S’imposer face à la concurrence

            Les éloges ne se sont pas taries en septembre, bien au contraire. Presque la moitié des articles au sujet de Julia ont été écrit à cette période, aussi bien en France qu’à l’étranger ! On souligne le talent de Newman et la pertinence de ses ajouts, à l’instar d’Olivier Van Vaerenbergh pour Le Vif : « elle transforme surtout un second rôle victimaire en premier rôle remarquable, cette fois d’une grande contemporanéité ». Un angle féministe qui a donc plu et qui a permis de dénoncer la misogynie latente d’Orwell.

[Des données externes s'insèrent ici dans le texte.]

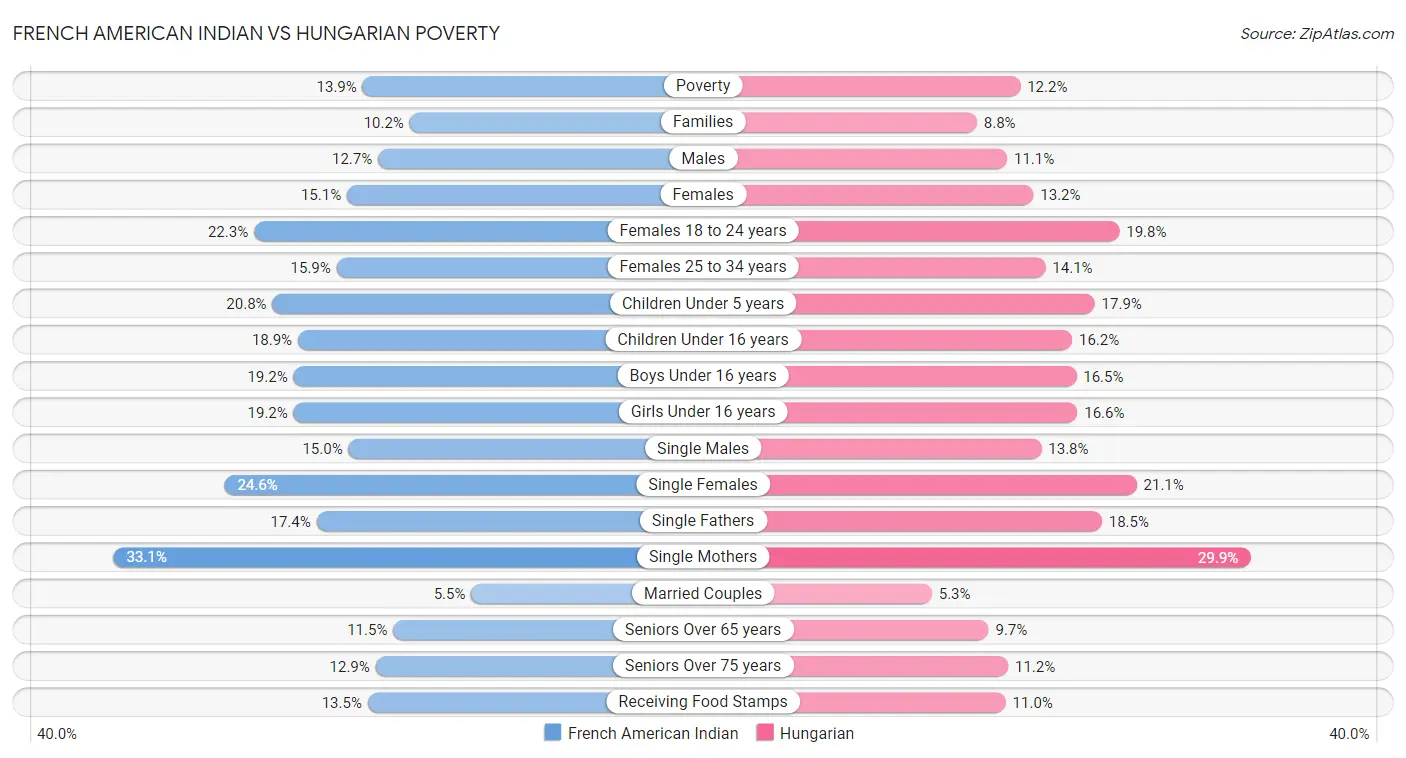 French American Indian vs Hungarian Poverty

            Et en ce qui concerne la dénonciation, Julia n’était pas seul à la barre : face à lui, L’invisible Madame Orwell de Anna Funder. Deux livres ayant pour seul dénominateur commun l’écrivain britannique, puisque celui de Funder est un roman hybride, à la fois essai et non-fiction. Une fausse rivalité est pourtant créée par les médias, traitant systématiquement les deux ouvrages en même temps. On peut citer Bernard Quiriny pour le LireMagazine spécial rentrée littéraire : Julia est « un projet culotté mais réussi : l’autrice trouve la bonne distance entre appropriation et fidélité, inventions et citations » mais L’invisible Madame Orwell « s’enlise dans les généralités solennelles […] et sombre dans le ridicule ». Une guerre non souhaitée mais qui profite grandement à Julia : c’est lui qui récolte tous les lauriers.

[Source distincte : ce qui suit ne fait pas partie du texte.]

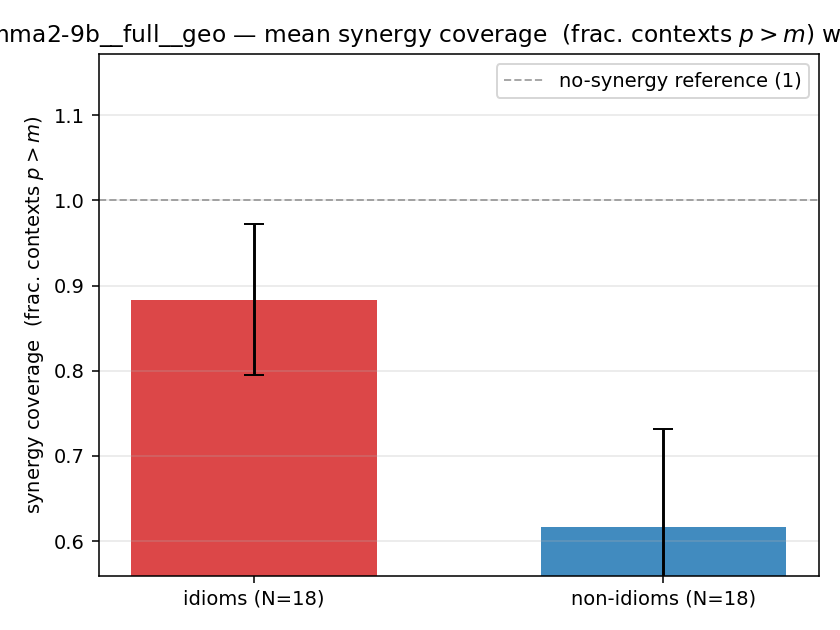 gemma2-9b__full__geo 02_bars syn_frac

Un succès court, mais intense

            Après septembre, les critiques se font rares et le roman perd peu à peu son exposition. Face à l’effervescence des prix littéraires, difficile de continuer à briller, surtout quand on n’en a gagné aucun. Néanmoins, sa présence médiatique se clôt en beauté avec l’avis mélioratif de deux immenses journaux : Le Nouvel Obs et Le Monde. La réécriture se « fond avec aisance dans l’univers de son illustre prédécesseur » et « obéit à une logique propre ». De quoi la célébrer une dernière fois et saluer sa performance.

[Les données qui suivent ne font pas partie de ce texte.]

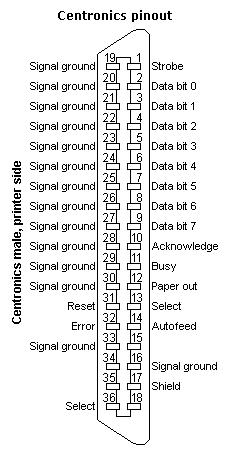 Centronics pinout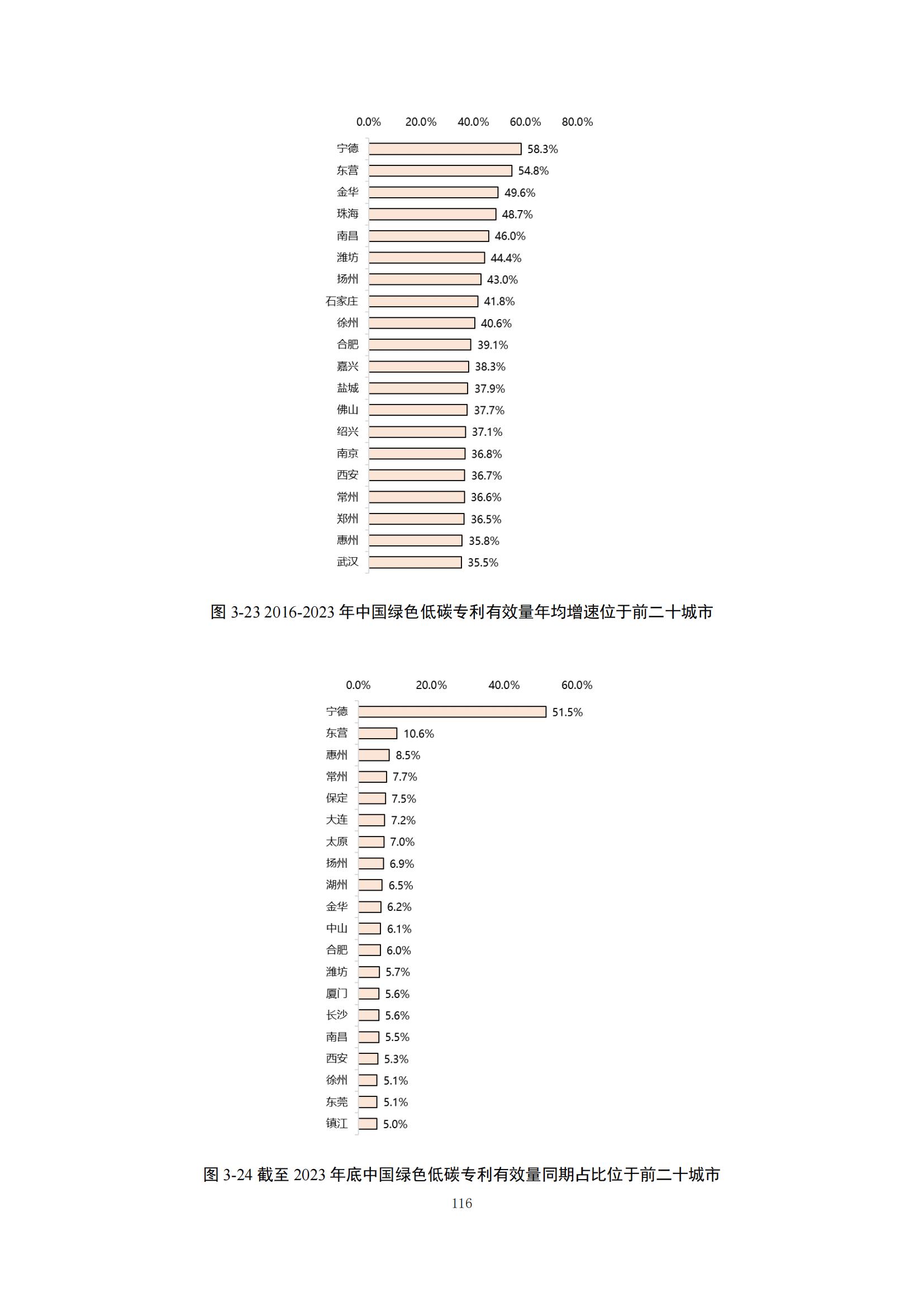 《綠色低碳專利統(tǒng)計分析報告（2024）》中英文版全文發(fā)布！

            De fait, pour une relecture d’une autrice méconnue, le bilan est plus que positif. Julia a incontestablement marqué cette rentrée littéraire. Le roman a su se faire une place et a trouvé son lectorat. Par son audace, ses convictions et sa plume, Sandra Newman a fait une entrée magistrale sur la scène littéraire. Nul doute qu’on la retrouvera bientôt, et qu’elle saura tout autant séduire son nouveau public…

 

Julia de Sandra Newman, Robert Laffont, 2024.